Short text fragments from websites
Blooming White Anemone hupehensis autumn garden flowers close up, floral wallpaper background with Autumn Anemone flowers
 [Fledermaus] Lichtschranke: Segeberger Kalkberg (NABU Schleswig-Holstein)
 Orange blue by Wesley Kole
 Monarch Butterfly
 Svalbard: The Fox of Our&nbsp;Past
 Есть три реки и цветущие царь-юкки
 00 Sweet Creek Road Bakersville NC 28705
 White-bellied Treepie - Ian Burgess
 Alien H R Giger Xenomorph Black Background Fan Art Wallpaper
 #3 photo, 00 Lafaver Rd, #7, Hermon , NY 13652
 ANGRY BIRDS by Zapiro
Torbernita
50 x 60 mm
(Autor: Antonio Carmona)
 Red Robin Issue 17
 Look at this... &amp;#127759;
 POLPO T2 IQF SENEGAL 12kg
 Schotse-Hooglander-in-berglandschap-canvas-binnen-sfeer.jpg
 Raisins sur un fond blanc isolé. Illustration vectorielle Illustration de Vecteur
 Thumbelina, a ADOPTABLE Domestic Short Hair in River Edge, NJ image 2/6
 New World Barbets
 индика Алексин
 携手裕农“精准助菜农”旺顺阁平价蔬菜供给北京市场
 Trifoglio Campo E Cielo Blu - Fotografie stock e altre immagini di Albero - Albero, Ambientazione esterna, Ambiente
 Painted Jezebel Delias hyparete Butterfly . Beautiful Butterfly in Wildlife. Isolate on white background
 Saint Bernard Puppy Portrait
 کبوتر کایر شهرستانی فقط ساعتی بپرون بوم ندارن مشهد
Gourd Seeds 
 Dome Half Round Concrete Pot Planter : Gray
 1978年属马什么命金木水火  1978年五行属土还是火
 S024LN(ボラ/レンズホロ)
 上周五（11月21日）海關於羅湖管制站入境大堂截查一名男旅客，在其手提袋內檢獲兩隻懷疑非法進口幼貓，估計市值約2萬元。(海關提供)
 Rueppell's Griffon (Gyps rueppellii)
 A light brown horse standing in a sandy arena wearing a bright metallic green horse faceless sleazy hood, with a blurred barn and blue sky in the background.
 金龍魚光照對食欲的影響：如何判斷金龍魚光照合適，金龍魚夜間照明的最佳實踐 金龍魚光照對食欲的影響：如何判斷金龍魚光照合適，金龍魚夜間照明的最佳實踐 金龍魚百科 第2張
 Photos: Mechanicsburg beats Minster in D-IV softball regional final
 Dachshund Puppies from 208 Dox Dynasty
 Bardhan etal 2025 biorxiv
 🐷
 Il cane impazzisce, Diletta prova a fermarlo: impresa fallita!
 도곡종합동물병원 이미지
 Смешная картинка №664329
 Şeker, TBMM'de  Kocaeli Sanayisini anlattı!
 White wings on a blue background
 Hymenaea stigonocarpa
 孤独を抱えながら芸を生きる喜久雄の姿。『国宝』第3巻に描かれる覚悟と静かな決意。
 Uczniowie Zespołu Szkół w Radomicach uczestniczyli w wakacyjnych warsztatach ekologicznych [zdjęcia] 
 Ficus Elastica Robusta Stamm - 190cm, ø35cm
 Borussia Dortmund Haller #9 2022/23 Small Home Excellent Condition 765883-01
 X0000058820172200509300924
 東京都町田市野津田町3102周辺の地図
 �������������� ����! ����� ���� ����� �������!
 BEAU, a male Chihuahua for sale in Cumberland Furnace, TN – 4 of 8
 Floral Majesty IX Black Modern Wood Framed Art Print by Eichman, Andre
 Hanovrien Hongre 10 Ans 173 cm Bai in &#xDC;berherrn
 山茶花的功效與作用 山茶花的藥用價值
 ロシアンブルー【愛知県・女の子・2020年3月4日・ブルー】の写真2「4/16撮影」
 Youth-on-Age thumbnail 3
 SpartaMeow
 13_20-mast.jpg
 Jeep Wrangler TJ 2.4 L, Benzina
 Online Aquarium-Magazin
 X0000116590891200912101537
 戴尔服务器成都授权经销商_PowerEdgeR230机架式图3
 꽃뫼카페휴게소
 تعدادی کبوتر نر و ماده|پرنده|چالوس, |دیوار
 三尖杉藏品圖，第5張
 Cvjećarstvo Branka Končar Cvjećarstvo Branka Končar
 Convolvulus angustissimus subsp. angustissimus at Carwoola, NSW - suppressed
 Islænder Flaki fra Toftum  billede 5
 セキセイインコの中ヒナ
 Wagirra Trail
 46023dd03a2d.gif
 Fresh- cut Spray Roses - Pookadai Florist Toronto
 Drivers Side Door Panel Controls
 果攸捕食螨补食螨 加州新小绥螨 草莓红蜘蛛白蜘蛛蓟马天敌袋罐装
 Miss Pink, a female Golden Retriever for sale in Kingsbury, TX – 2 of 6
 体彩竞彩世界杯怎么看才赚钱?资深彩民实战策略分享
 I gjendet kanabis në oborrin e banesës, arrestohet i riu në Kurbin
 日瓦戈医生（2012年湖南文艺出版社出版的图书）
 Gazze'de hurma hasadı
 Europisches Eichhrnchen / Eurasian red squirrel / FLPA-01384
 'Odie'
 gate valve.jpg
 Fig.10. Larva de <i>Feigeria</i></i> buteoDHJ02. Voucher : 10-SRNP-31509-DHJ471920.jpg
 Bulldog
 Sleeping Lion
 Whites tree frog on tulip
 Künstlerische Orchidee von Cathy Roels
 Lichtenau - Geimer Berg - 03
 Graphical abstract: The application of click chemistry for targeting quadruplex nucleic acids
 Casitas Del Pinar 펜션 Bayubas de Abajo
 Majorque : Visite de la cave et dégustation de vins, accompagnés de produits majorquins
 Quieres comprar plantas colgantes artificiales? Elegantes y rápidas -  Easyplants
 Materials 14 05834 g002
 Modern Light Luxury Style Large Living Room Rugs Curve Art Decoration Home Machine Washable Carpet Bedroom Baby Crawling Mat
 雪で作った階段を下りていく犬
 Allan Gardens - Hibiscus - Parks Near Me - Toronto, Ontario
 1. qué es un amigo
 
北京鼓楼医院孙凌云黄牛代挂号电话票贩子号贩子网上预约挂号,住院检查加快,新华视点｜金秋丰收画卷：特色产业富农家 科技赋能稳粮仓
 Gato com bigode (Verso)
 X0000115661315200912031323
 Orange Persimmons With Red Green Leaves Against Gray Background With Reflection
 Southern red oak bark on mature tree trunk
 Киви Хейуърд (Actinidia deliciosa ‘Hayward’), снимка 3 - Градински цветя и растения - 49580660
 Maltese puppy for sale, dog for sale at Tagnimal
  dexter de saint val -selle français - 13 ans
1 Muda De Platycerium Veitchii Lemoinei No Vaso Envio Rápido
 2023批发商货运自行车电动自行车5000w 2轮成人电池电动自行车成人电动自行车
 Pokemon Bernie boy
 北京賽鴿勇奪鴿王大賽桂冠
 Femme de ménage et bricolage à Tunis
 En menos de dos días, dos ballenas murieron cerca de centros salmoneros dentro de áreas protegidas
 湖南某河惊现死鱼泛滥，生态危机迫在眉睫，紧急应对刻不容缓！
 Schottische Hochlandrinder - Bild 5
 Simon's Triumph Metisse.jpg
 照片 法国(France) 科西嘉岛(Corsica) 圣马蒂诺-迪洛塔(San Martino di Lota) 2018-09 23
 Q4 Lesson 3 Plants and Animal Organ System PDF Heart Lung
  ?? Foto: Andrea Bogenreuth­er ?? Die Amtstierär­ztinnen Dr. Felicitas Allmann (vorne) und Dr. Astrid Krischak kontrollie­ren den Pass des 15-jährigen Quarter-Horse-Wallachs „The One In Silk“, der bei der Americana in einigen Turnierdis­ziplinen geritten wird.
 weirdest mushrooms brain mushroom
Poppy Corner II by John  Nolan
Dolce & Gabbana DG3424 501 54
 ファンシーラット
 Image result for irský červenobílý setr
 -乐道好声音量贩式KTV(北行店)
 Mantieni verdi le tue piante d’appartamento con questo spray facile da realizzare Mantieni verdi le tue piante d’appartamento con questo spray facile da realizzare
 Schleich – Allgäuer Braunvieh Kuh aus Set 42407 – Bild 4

▶ **What you have to do**: Nothing should appear in the answer except the lines above from the line with "上周五（11月21日）海關於" through the line with "46023dd03a2d.gif", both included, written out exactly.

▶ **Reply**:
 上周五（11月21日）海關於羅湖管制站入境大堂截查一名男旅客，在其手提袋內檢獲兩隻懷疑非法進口幼貓，估計市值約2萬元。(海關提供)
 Rueppell's Griffon (Gyps rueppellii)
 A light brown horse standing in a sandy arena wearing a bright metallic green horse faceless sleazy hood, with a blurred barn and blue sky in the background.
 金龍魚光照對食欲的影響：如何判斷金龍魚光照合適，金龍魚夜間照明的最佳實踐 金龍魚光照對食欲的影響：如何判斷金龍魚光照合適，金龍魚夜間照明的最佳實踐 金龍魚百科 第2張
 Photos: Mechanicsburg beats Minster in D-IV softball regional final
 Dachshund Puppies from 208 Dox Dynasty
 Bardhan etal 2025 biorxiv
 🐷
 Il cane impazzisce, Diletta prova a fermarlo: impresa fallita!
 도곡종합동물병원 이미지
 Смешная картинка №664329
 Şeker, TBMM'de  Kocaeli Sanayisini anlattı!
 White wings on a blue background
 Hymenaea stigonocarpa
 孤独を抱えながら芸を生きる喜久雄の姿。『国宝』第3巻に描かれる覚悟と静かな決意。
 Uczniowie Zespołu Szkół w Radomicach uczestniczyli w wakacyjnych warsztatach ekologicznych [zdjęcia] 
 Ficus Elastica Robusta Stamm - 190cm, ø35cm
 Borussia Dortmund Haller #9 2022/23 Small Home Excellent Condition 765883-01
 X0000058820172200509300924
 東京都町田市野津田町3102周辺の地図
 �������������� ����! ����� ���� ����� �������!
 BEAU, a male Chihuahua for sale in Cumberland Furnace, TN – 4 of 8
 Floral Majesty IX Black Modern Wood Framed Art Print by Eichman, Andre
 Hanovrien Hongre 10 Ans 173 cm Bai in &#xDC;berherrn
 山茶花的功效與作用 山茶花的藥用價值
 ロシアンブルー【愛知県・女の子・2020年3月4日・ブルー】の写真2「4/16撮影」
 Youth-on-Age thumbnail 3
 SpartaMeow
 13_20-mast.jpg
 Jeep Wrangler TJ 2.4 L, Benzina
 Online Aquarium-Magazin
 X0000116590891200912101537
 戴尔服务器成都授权经销商_PowerEdgeR230机架式图3
 꽃뫼카페휴게소
 تعدادی کبوتر نر و ماده|پرنده|چالوس, |دیوار
 三尖杉藏品圖，第5張
 Cvjećarstvo Branka Končar Cvjećarstvo Branka Končar
 Convolvulus angustissimus subsp. angustissimus at Carwoola, NSW - suppressed
 Islænder Flaki fra Toftum  billede 5
 セキセイインコの中ヒナ
 Wagirra Trail
 46023dd03a2d.gif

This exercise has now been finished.